Memory-guided Network with Uncertainty-based Feature Augmentation for Few-shot Semantic Segmentation
This work addresses the problem of data scarcity in semantic segmentation for AI/computer vision researchers, offering an incremental improvement by integrating new modules into existing frameworks.
The paper tackles the challenge of model generalization in few-shot semantic segmentation due to distribution shift between base and novel classes, proposing a class-shared memory module and an uncertainty-based feature augmentation module that achieve superior performance over state-of-the-art methods on PASCAL-5^i and COCO-20^i datasets.

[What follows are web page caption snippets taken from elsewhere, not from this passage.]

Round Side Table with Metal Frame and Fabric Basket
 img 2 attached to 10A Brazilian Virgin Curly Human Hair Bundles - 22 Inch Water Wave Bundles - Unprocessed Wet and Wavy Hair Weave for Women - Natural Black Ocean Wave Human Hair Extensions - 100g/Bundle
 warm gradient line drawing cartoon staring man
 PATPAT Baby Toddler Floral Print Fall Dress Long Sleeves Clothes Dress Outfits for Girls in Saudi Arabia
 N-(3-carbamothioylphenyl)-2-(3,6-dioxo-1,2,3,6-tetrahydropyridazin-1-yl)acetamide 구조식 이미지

The performance of supervised semantic segmentation methods highly relies on the availability of large-scale training data. To alleviate this dependence, few-shot semantic segmentation (FSS) is introduced to leverage the model trained on base classes with sufficient data into the segmentation of novel classes with few data. FSS methods face the challenge of model generalization on novel classes due to the distribution shift between base and novel classes. To overcome this issue, we propose a class-shared memory (CSM) module consisting of a set of learnable memory vectors. These memory vectors learn elemental object patterns from base classes during training whilst re-encoding query features during both training and inference, thereby improving the distribution alignment between base and novel classes. Furthermore, to cope with the performance degradation resulting from the intra-class variance across images, we introduce an uncertainty-based feature augmentation (UFA) module to produce diverse query features during training for improving the model's robustness. We integrate CSM and UFA into representative FSS works, with experimental results on the widely-used PASCAL-5$^i$ and COCO-20$^i$ datasets demonstrating the superior performance of ours over state of the art.